El relato dio lugar a una pequeña pausa que concluyó con la voz serena de Sisterna. “Unos tres meses después de regresar a Mar del Plata, por correo recibí una notificación de la Aduana para hacerme saber que debía retirar una encomienda. Era una caja grande. Intrigante. No esperaba nada del exterior por aquellos días. La abrí con curiosidad. Enorme fue mi sorpresa cuando leí una pequeña nota escrita por una mano claramente temblorosa: ‘Querido Benjamín. Sé que mucho la querías. Te la regalo’. Firmaba Ignacio. Saqué con cuidado extremo cada papel de seda que protegía el envío y mi sorpresa fue enorme. Allí estaba, sobre mi escritorio, la tridacna squamosa por la que tanto bregué. La observé durante horas”. Antes de terminar la charla me confidenció que por aquellos días su objetivo era “conseguir una pieza única que sé que es de Panamá. Después que la consiga no buscaré ninguna otra pieza más.
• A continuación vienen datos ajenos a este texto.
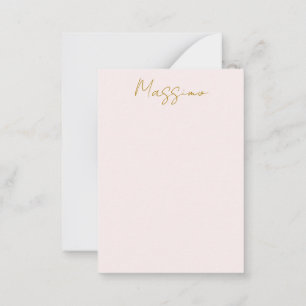 Gold & Pastel Colour Calligraphy Elegant Plain Nam Card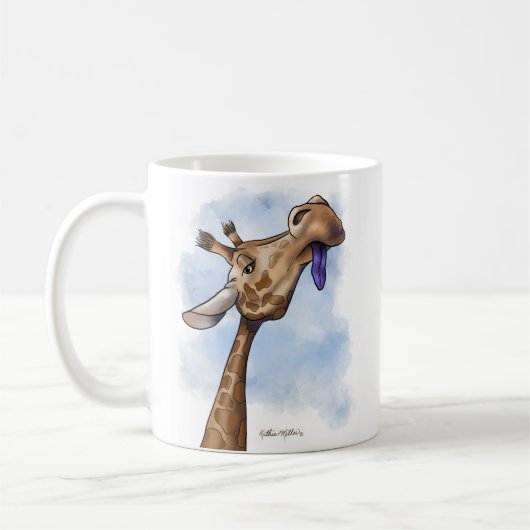 Mug Dessin animé de girafe condescendant (Gauche)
De esas, solo vi tres en treinta años. Es la que me falta en esta colección que no venderé ni legaré porque se la dejaré a mis hijos. Es de ellos”. Nunca más volví a reunirme con Benjamín Sisterna. Falleció en 1995. Un grande, un emprendedor, creador – junto con sus dos socios– de alfajores Havanna. Sin dudas, el único y último de los aristócratas que el oficio de periodista me permitió conocer.